Work task -
Each line from the one containing "QEZER Ultralight Down" to the end of the listing below should be repeated exactly, with no other line included.

Data extracts -

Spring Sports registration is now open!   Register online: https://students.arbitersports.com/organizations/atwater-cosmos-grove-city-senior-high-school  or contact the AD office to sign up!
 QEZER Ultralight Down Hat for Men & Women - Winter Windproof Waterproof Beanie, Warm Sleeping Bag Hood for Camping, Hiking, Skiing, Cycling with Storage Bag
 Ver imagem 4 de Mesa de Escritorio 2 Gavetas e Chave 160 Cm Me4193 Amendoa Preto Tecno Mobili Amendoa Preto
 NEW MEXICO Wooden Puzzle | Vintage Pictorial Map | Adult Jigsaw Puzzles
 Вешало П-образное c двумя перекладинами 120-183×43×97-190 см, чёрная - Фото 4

Task solution -
 QEZER Ultralight Down Hat for Men & Women - Winter Windproof Waterproof Beanie, Warm Sleeping Bag Hood for Camping, Hiking, Skiing, Cycling with Storage Bag
 Ver imagem 4 de Mesa de Escritorio 2 Gavetas e Chave 160 Cm Me4193 Amendoa Preto Tecno Mobili Amendoa Preto
 NEW MEXICO Wooden Puzzle | Vintage Pictorial Map | Adult Jigsaw Puzzles
 Вешало П-образное c двумя перекладинами 120-183×43×97-190 см, чёрная - Фото 4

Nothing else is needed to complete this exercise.